The tantras are in fact a political/spiritual movement which, as a group, asserts that there is no monopoly on spiritual teaching or practice. In other words, enlightenment is possible for everyone, no mater if you are not a Brhaman, and even if you are an untouchable, you too can achieve Moksha. A comparable phenomenon can be seen in the proliferation of Evnagelical sects in the US, mostly based on Acts: "your sons and daughters shall prophesy." Meaning, anyone can be a vessel of divine revelation as long as the Holy Ghost has anointed you as such. There is something admirably iconoclastic about such movements, East and West.
Back to the topic: Another way of conceiving the notion of left might be the concept of backward. Because a primary impulse of a trantra is to assert that there is more than one way to skin an ego, there is also the tendency to look at misbehaving as a positive virtue. This is the meaning of left hand; it is a practice which, when viewed by pedestrian morals and aesthetics seem abhorrent, or just plain wrong.

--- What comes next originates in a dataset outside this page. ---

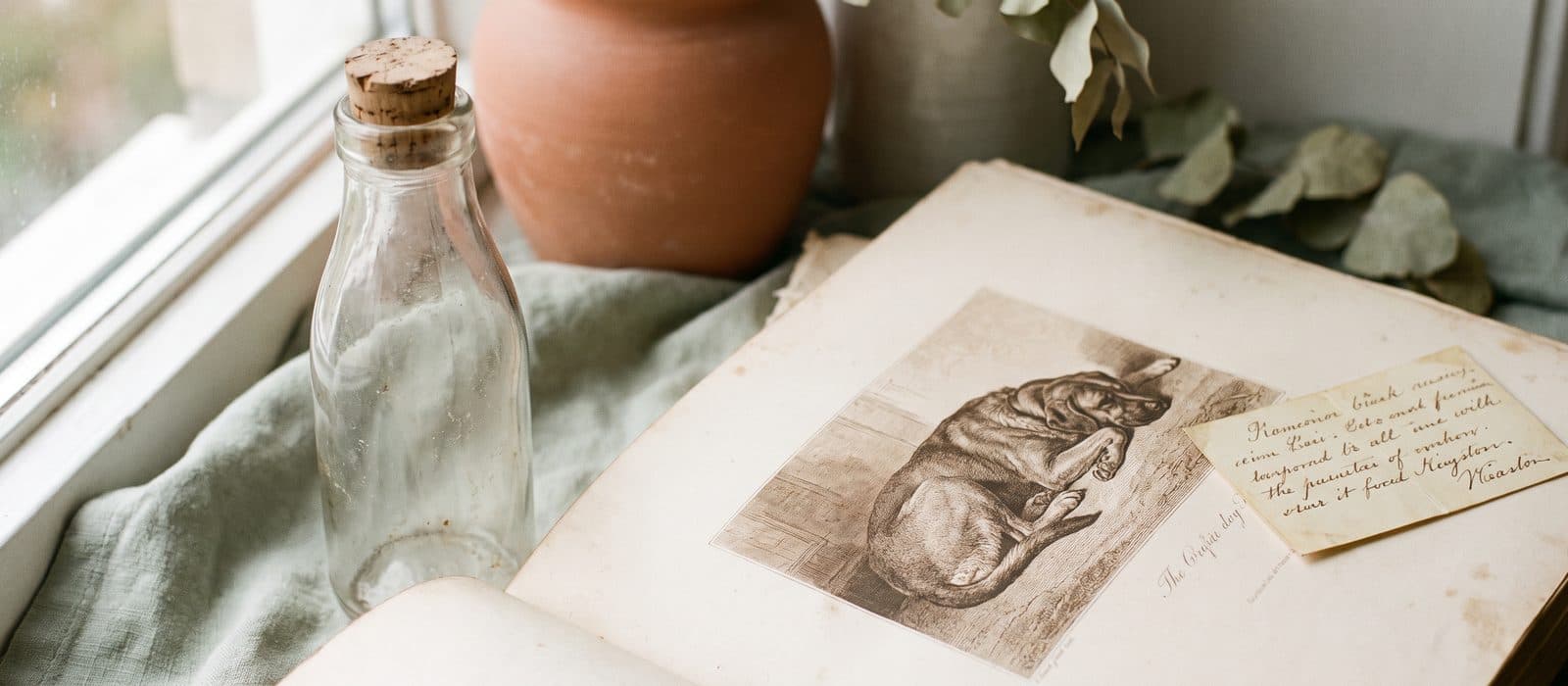 Antique glass milk bottle beside a vintage dog engraving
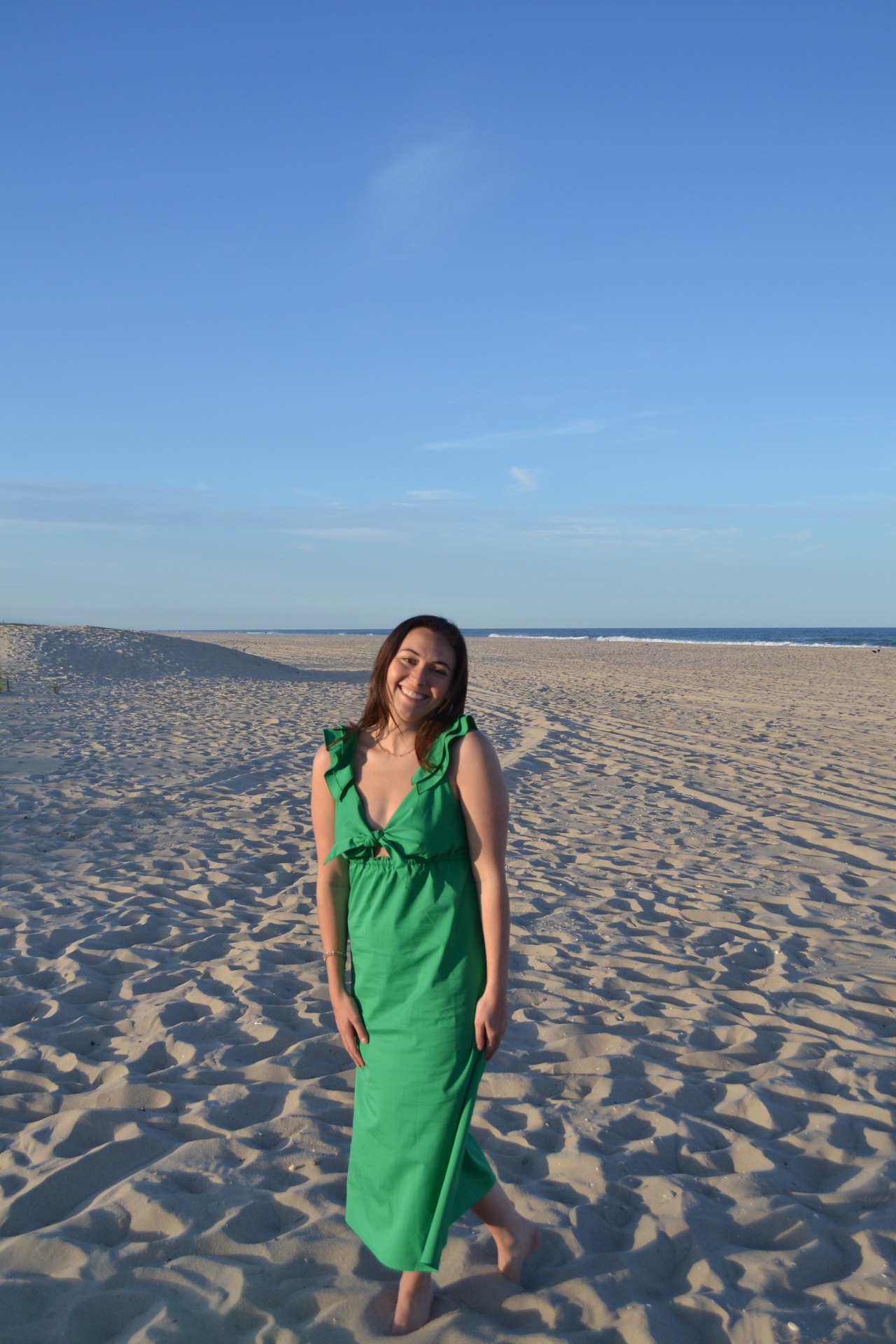 Maggie, founder of The Shore Social, on the beach at Long Beach Island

Crowley is a fairly easy target when discussing his humanity. He is a lot more difficult to fault when one is talking about his status as a magician and a mystic. Case in point, he tried everything, pretty much without prejudice—Islamic, Christian, Buddhist, Jewish, and Hindi mystical and magical practices, not to mention his experimentation with drugs and sex. For this reason I would find it hard to believe that he would not have been interested in, and did not experiment with left hand techniques. Didn't he post an advertisement at some point for artists models with physical deformities? This would be a classic left hand stratagem if it were true, re-educating the aesthetics sense to find joy and pleasure in what otherwise would have been repugnant.